The problem involves a system of linear equations in two variables (SPLDV) as given below:

1. $2x - 2y = 0$
2. $-x + y = 3$

Solution:

a. Graph the System of Equations

To graph the system of equations, we first rewrite each equation in the slope-intercept form $y = mx + c$.

1. For the first equation:
   $2x - 2y = 0 \implies -2y = -2x \implies y = x$

2. For the second equation:
   $-x + y = 3 \implies y = x + 3$

Now we can plot these two lines on a coordinate plane.

b. Determine the Solution Set of the System

To find the solution, we find the point of intersection of these two lines.

We set the equations equal to each other:

$x = x + 3$

Solving for $x$:

$0 = 3 \implies x = 3$

Now substitute $x = 3$ back into either of the original equations. Using $y = x$, we get:

$y = 3$

Thus, the solution to the system of equations is $(x, y) = (3, 3)$.

Now, I will plot the graph for you.It seems like I can’t do more advanced data analysis right now. Please try again later.

However, I can still help explain how to manually graph the equations and solve the system of equations if you'd like!
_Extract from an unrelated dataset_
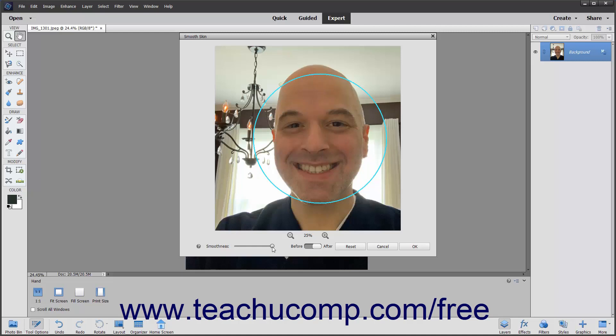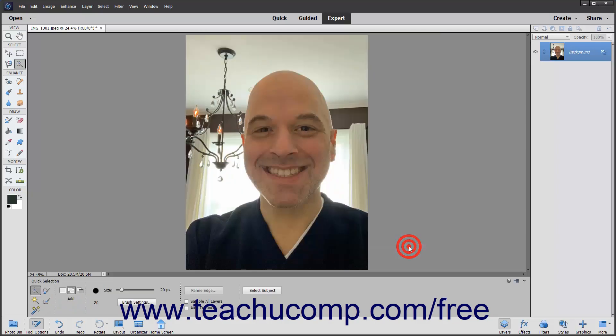After smoothing skin, to switch between the before and after views of the photo, click the Before-After toggle button to review the changes. If you choose to cancel the changes, click the Cancel button to cancel the changes and close the dialog box. Otherwise, to apply your changes, click the OK button.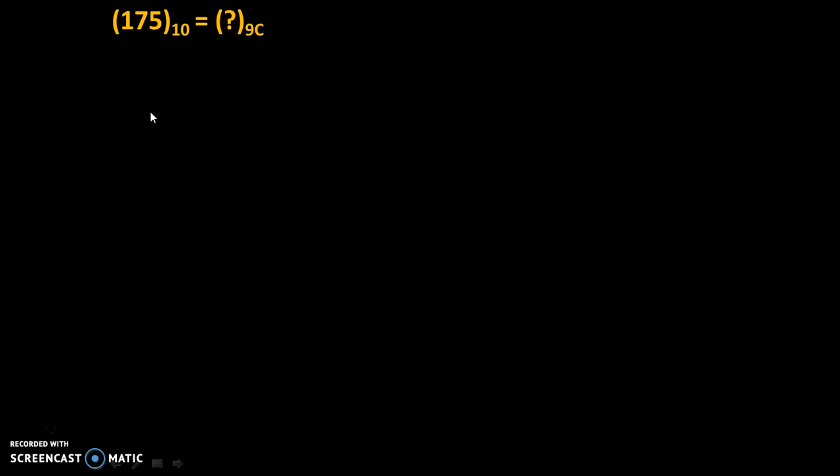If a 2-digit number is given, we will subtract that number from 99. If a 4-digit number is given, we will subtract that number from 9999, and so on. Since we have a 3-digit number,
Just let me know if you need any additional details or guidance on this topic.

Here are some related questions that might expand your understanding:

1. How do you find the point of intersection of two lines algebraically?
2. What is the significance of the slope-intercept form in graphing linear equations?
3. How can you check if a given point is a solution to a system of linear equations?
4. What are the methods to solve a system of linear equations other than graphing?
5. How do parallel lines appear in a system of equations, and what does that mean for their solution?

Tip: When graphing linear equations, always ensure that you find at least two points on each line to help draw it accurately.